Also, before doing most of the above, learn the electrical standards for your area, both today if you are running a new circuit and around the time that the circuit or system that you are working on was built.  Standard practices at least in the USA have changed significantly several times since around 1900. 

Current practice most of the USA is that residential power at the meter is nominally 120/240 VAC single phase.  This means that you can have two 120 VAC supplies and one 240 VAC supply.  Going back in time you find that the "standard" or nominal voltages in the system were 117/234. 115/230 and 110/220.  What you can actually have today can go as high as about 125/250 depending upon loads, time of day, time of year, etc.  This is today a 4-wire system, with the four wires being named Ground, Neutral, Line 1 and Line 2. 

General practice today is that all distribution cables except for wires running only to switches will be three wires for 120 circuits and four wires for 240 circuits.  Color codes for the wire insulation for 120 volt circuits are either bare copper or Green for Ground, White for Neutral and Black for either Line 1 or Line 2.  In 240 (only) circuits there will be bare copper or Green for Ground, Black for Line 1 and Red for Line 2.  For 120/240 circuits, the same plus White for Neutral.  Wires run only to a switch may be bare copper for Ground, and White and Black for the other two.  AFAIK, there is no standard for which of the two colors to a switch is still hot with the switch OFF.  And don't just assume (switches aside) that any white wire is safe to touch.  Electricians can be as competent or incompetent as any other trade.

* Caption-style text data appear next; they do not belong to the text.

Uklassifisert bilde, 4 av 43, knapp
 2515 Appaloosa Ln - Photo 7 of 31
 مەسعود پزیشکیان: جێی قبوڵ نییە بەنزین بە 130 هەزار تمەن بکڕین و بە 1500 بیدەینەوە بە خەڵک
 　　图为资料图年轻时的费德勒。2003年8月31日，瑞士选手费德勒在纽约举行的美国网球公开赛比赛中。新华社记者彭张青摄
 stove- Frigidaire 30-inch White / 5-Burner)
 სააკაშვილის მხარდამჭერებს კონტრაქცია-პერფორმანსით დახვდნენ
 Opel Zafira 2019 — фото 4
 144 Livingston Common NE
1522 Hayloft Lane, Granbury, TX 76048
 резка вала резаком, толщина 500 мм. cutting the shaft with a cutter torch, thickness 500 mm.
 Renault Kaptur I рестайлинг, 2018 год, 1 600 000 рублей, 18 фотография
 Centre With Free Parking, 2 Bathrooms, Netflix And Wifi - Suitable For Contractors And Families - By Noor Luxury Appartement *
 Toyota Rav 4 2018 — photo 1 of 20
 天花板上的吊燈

Local electrical codes can vary, but in most, Ground and Neutral are connected together only at the electrical service entry panel or sometimes only at the meter in jurisdictions were the code allows the entry panel and the meter to be in separate locations.  Houston happens to require the entry panel to be near the meter on an exterior wall of the building.  From what I've seen around the USA, that's unusual.  In any case, past the entry panel the neutral and ground wires (if both are present) are generally separate and not allowed to be mechanically connected. 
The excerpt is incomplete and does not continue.